正室側室の違いもそういう側面からか非常にはっきりしています。
戦国時代の正室は”妻”、側室はあくまで奥御殿=正室の下にいる”子を産むための使用人”です。いくらお殿様に寵愛されようと彼女らは”産む機械”で使用人という枠から抜け出せませんでした。
なので正室に子が無く、側室に男子(特に長男)が出来た場合は正室を男子の嫡母とすることが多く見られました。
また、正室亡き後側室を正室に格上げ、ということはあまりありませんでした。正室には家を纏める素養と家臣団が納得できる家格も必要だったのも要因の一つです。
夢のない話ですがお殿様が愛しちゃってるから格上げ、単純に嫡男の母だから格上げというのも難しかったようです。
側室が正室に上がりづらいように、其れよりしたの身分の炊事場の下女や農民の娘もまた身分に縛られました。彼女達に子が出来ても彼女達は室にすら上がることが出来ないのが殆どです。

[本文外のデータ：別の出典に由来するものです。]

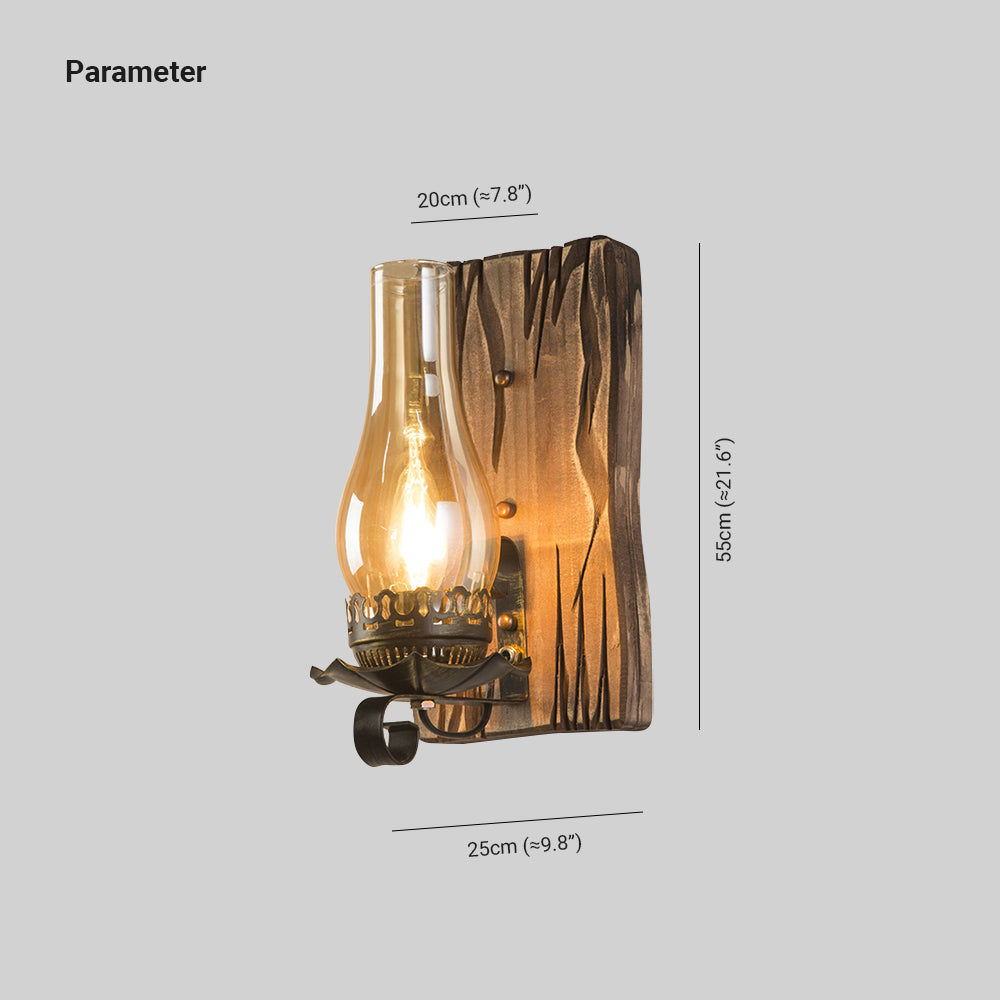 Austin Wall Lamp Vintage Candle Wooden Glass, Bedroom - Lumpaz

出来た子供も兄弟としては格下ですし、認知されない例や他家へ養子に出されるのが常でした。
(譜代の家臣からすればどこの馬の骨とも分からん女性に頭を下げるって出来ないですよねー。寝物語を優先し正室が認められない家、というのは単純に考えて荒れそうです。)

例として幸村公の娘、阿梅さんは片倉重長公の継室ですが、これは正室さんが亡くなる直前に、阿梅さんを継室にと指名したために格上げとなりました。正室さんと仲が良かったようですが、素養は勿論、元は信州の領主たる真田家の、日ノ本一の兵と名高い幸村公の娘、というのが大きな要因だったと個人的に思います。

正室との仲が不仲でも正室を尊重したお殿様が多かったのは、やはり正室が妻であり家の中心で全てを握っていたからないがしろに出来なかったという側面が大きい訳です。